• [Exercise objective]: Write the data out again exactly, with every picture removed.

• [Information provided]:
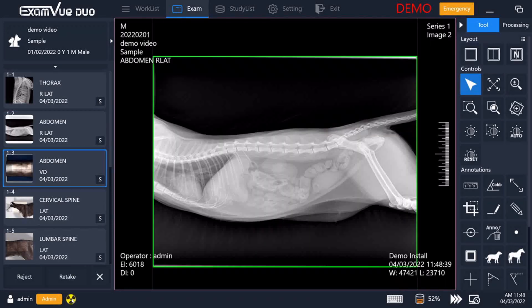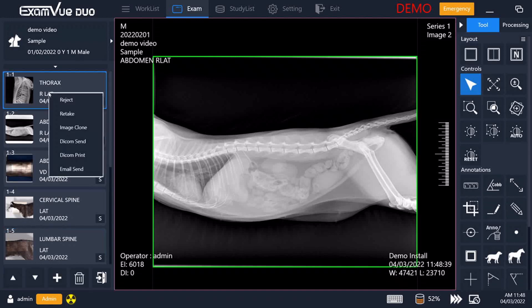You can at any time also go back and retake an earlier X-ray just by right clicking on the thumbnail on the left, and it will let you select to reject, retake it, and other options for it.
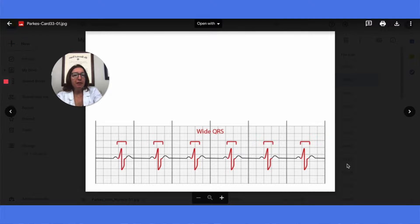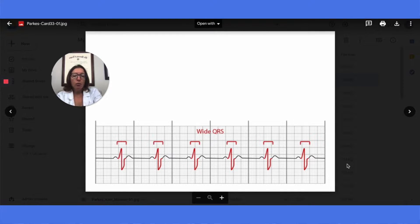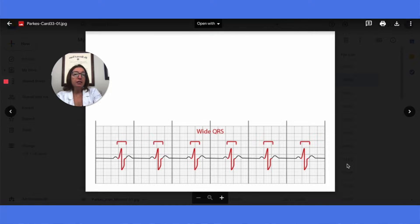One EKG abnormality to be familiar with is something called a bundle branch block, or BBB. With a bundle branch block, the electrical impulse is delayed in the bundle of His or within the bundle branches. This results in a very wide QRS complex — over three small boxes in duration, or over 0.12 seconds in duration.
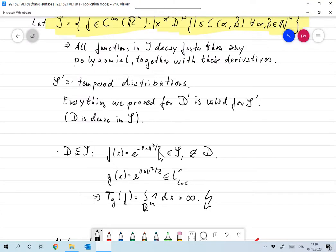D is a subset of S, because if a function F is in D, it means it's infinitely many times differentiable and its support is compact. So it definitely decays faster than any polynomial — faster than one over any polynomial.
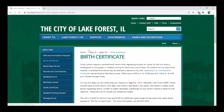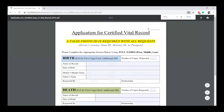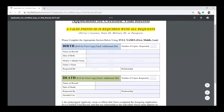This link will take you to a page that will have applications for certified birth certificates, which can also be used to apply for death certificates. This form is an online fillable form where you can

• [Solution to this exercise]:
You can at any time also go back and retake an earlier X-ray just by right clicking on the thumbnail on the left, and it will let you select to reject, retake it, and other options for it.
One EKG abnormality to be familiar with is something called a bundle branch block, or BBB. With a bundle branch block, the electrical impulse is delayed in the bundle of His or within the bundle branches. This results in a very wide QRS complex — over three small boxes in duration, or over 0.12 seconds in duration.
D is a subset of S, because if a function F is in D, it means it's infinitely many times differentiable and its support is compact. So it definitely decays faster than any polynomial — faster than one over any polynomial.
This link will take you to a page that will have applications for certified birth certificates, which can also be used to apply for death certificates. This form is an online fillable form where you can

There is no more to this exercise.